Coincidenza ha voluto che anche la distrazione più grande messa in campo dai
mondiali di calcio sia finita. No non ci hanno distratto dai problemi. Non
credo che quel circo mediatico, oggi che la crisi ancora attanaglia la nostra
pelle, possa avere ancora quella funzione. Giorno per giorno, le proteste
brasiliane, i terribili fatti di Gaza e il riaccendersi di vecchi/nuovi rancori
non può averci distratto. Abbiamo capito quanto Srebrenica abbia insegnato
poco e ci abbia responsabilizzato affinché l’impegno e la lotta strenua per i
diritti non possa permettersi neanche un giorno di ferie. Ora il ricordo
rientra, come un cd nella sua custodia, nel cuore di tutti noi: 175
persone hanno un nome e le relative famiglie possono onorarlo con un fiore a
Potočari. Più di mille conservano alcune speranze, molti di più resteranno dei
poveri umani resti. Da oggi, come sempre, ci impegneremo per la giustizia,
contro l’impunità, contro una comunità internazionale che ha già cominciato i
saldi sui procedimenti pendenti in un Tribunale che è in via di chiusura,
lasciando una Bosnia e tutta l’area dei Balcani focolaio di qualsiasi vendetta.

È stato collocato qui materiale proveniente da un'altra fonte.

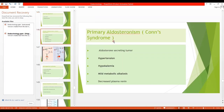Conn's syndrome is also called primary aldosteronism. As the name indicates, this syndrome is related to hypersecretion of aldosterone, which is secreted from the zona glomerulosa of the adrenal cortex. The cause is a tumor in the zona glomerulosa — an aldosterone-secreting tumor in the zona glomerulosa.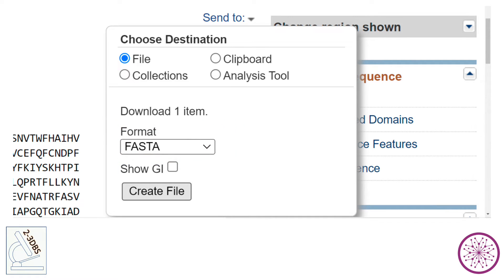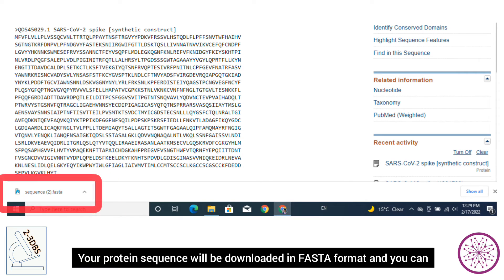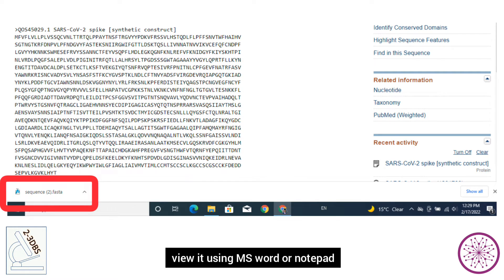Then click on 'Create File'. Your protein sequence will be downloaded in FASTA format, and you can view it using Microsoft Word or Notepad.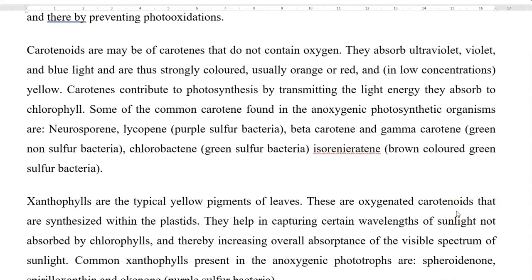Carotenoids may be of carotene nature — that is, they do not contain any oxygen molecules. Whereas oxygenated carotenoids are referred to by the term xanthophylls. These two types are considered accessory pigments and are commonly associated with bacterial chlorophyll. Carotenoids absorb ultraviolet, violet, and blue light, and thus they are strongly colored. They may display an orange, red, or sometimes even yellow color under low concentrations.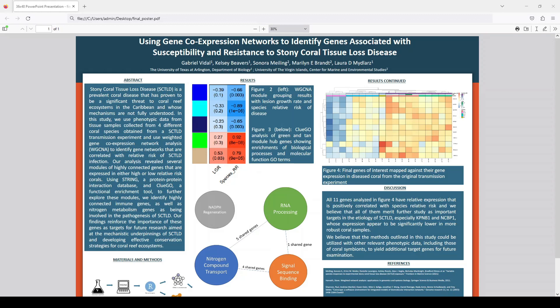As you can see in Figure 2, we have the module color on the left, which is completely arbitrary — these colors just represent modules, and the modules are groups of genes. This green group of genes and this tan group of genes are highly correlated with a high relative risk of infection.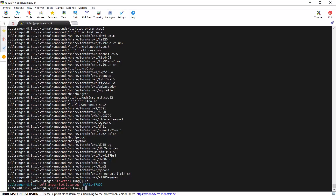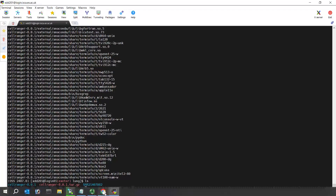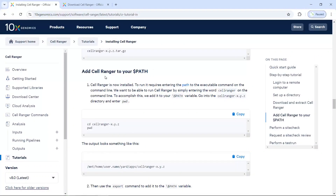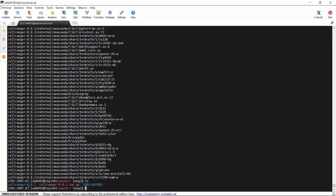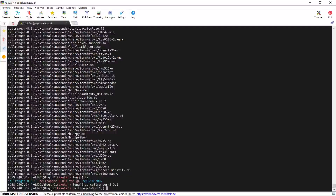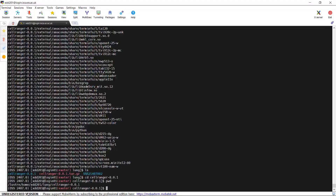So we have installed the CellRanger software. If we look at the guidance from the 10x Genomics website, the next step is to add CellRanger to our PATH. We change our directory to the CellRanger folder. The page is still showing the old version, but we are using 8.0.1. We go into that folder and use the pwd function to find the full file directory path for the CellRanger software.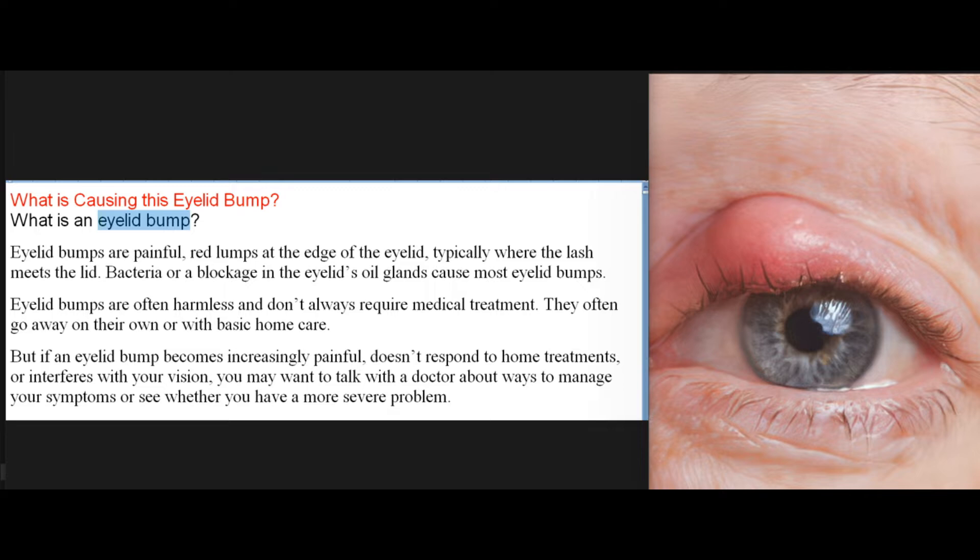What is causing this eyelid bump? Eyelid bumps are painful red lumps at the edge of the eyelid, typically where the lash meets the lid. Bacteria or a blockage in the eyelid's oil glands cause most eyelid bumps. Eyelid bumps are often harmless and don't always require medical treatment — they often go away on their own or with basic home care.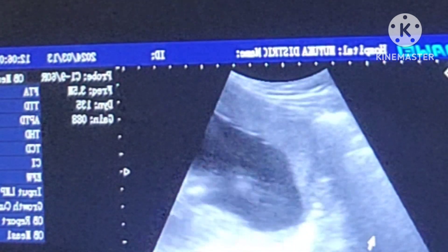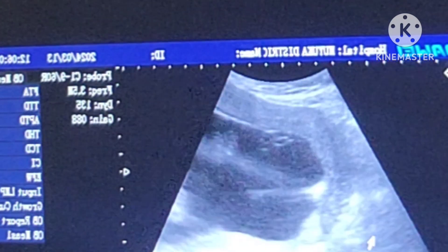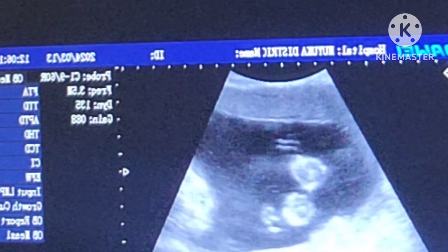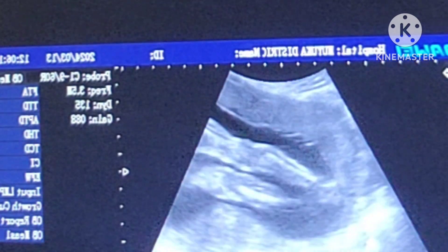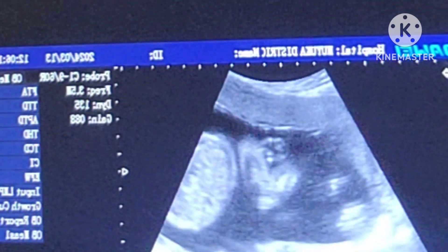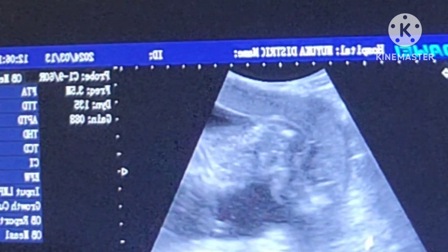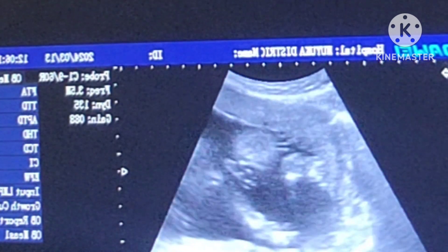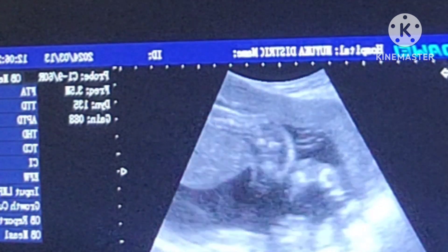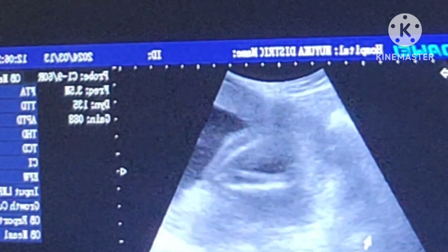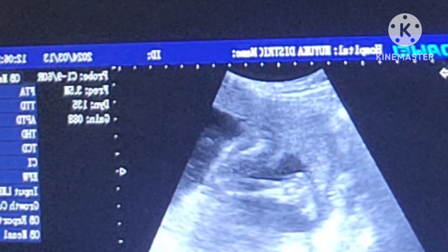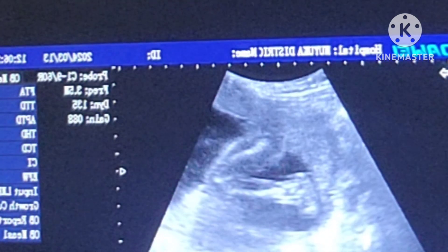Unlike your first trimester ultrasound when the fetus looked like a tiny cluster of cells, a routine prenatal ultrasound can check for defects or other problems in the fetus. The following can be examined: abdomen and stomach, arms, legs, and other structures. This is the type of image pregnant mothers may see on the ultrasound screen, or that the technician may print.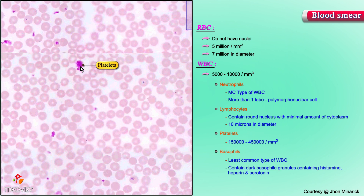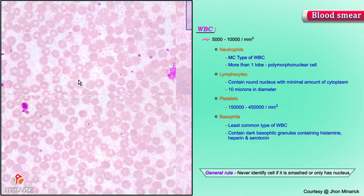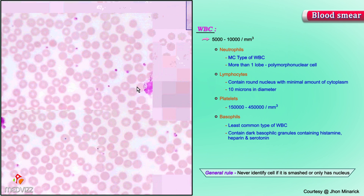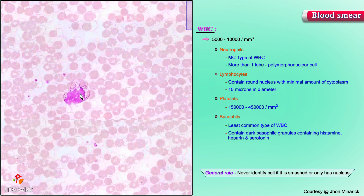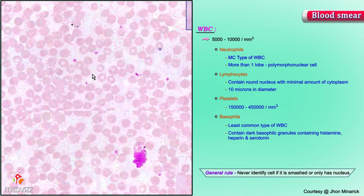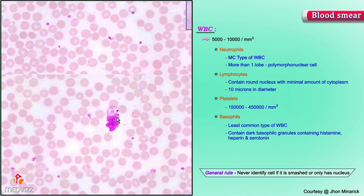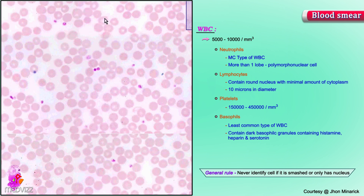Here is perhaps a large platelet or a fragment of a cell. The rule is never identify a cell if it is either smashed or smushed, or only has a nucleus — otherwise there's a good chance you'll be wrong. There's always a good number of cells on a smear that are smashed or smushed, and you don't want to try to guess what they are.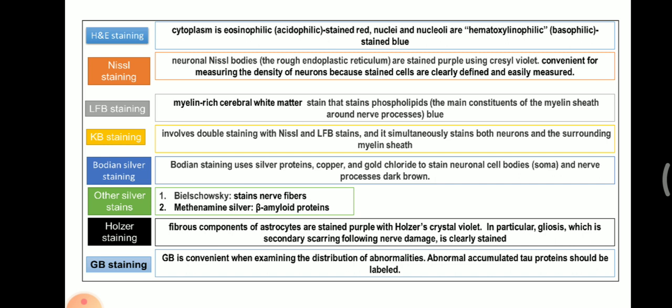Next is Bodian Silver Staining. Bodian Silver uses silver proteins, copper, and gold chloride to stain neuronal cell bodies (soma) and nerve processes, which stain as dark brown.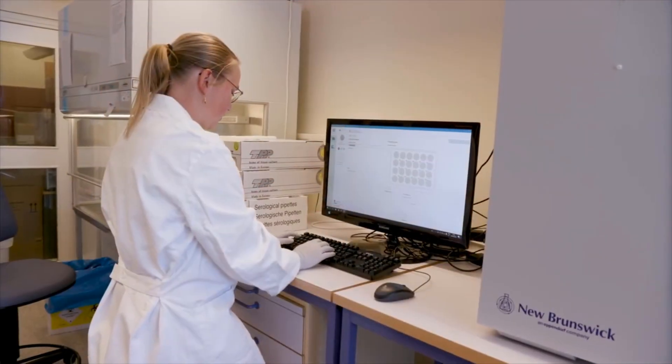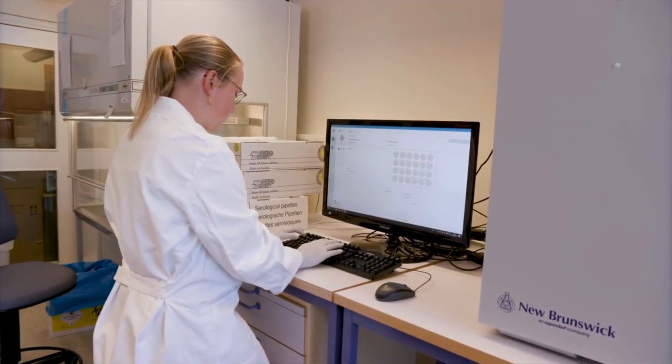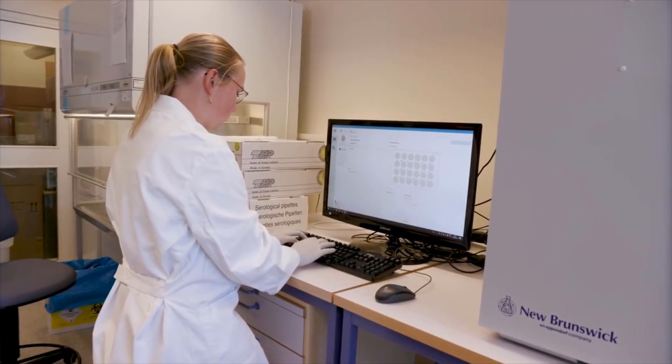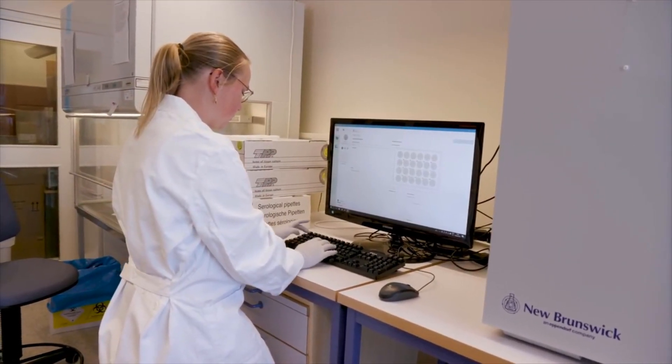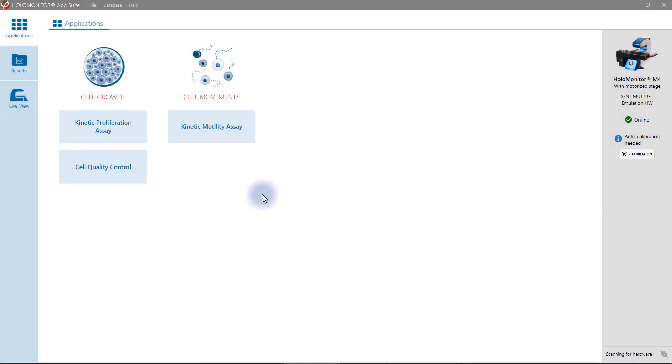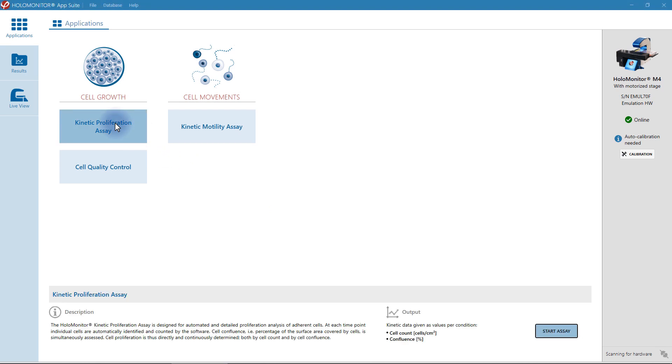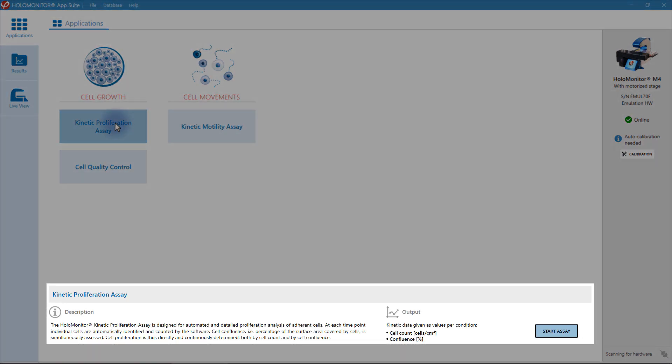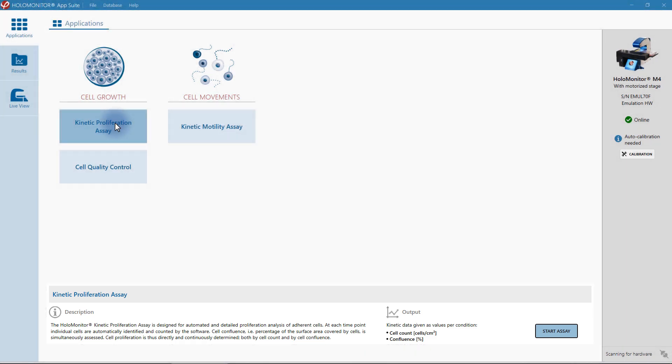Go to the AppSuite software. The guided user interface will show you how to set up your assay, step by step. First, choose your application from the main menu. An assay description and output parameters will appear, ensuring you know exactly which kind of results to expect.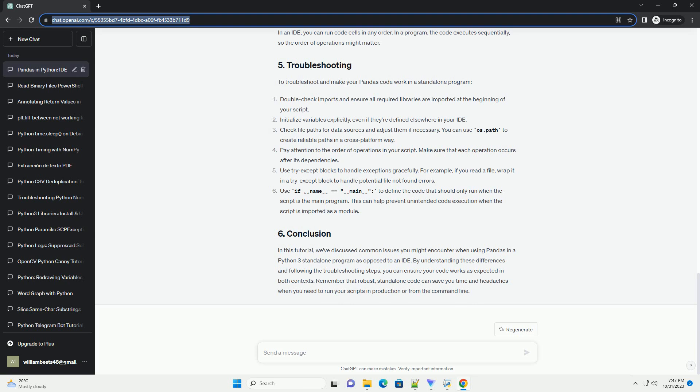When you run code in an IDE like Jupyter Notebook or VS Code, the environment maintains state and variables persist across cells or lines of code. However, when you run a standalone Python program, it starts fresh each time, and you might encounter issues due to differences in the execution context.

Oggi non possiamo più ricordare; la nostra memoria deve trasformarsi in
speranza e in lotta per tutti i luoghi del mondo dove è viva l’ingiustizia e la
discriminazione, a cominciare dalle nostre coste, dal rispetto dei diritti
umani fuori dalla porta di casa nostra.
Ma io continuo a vedere quel mare che
mi salva da tanto dolore, è lo stesso di ieri, del 1995, quello stesso mare
Adriatico che mi ha separato dai drammi della Bosnia e di Srebrenica e lui mi
ha fornito un pretesto perfetto: “Erano cose lontane”. Il ricordo si ferma, ma
Srebrenica è parte di me e non cesserà d’esserlo mai… purtroppo.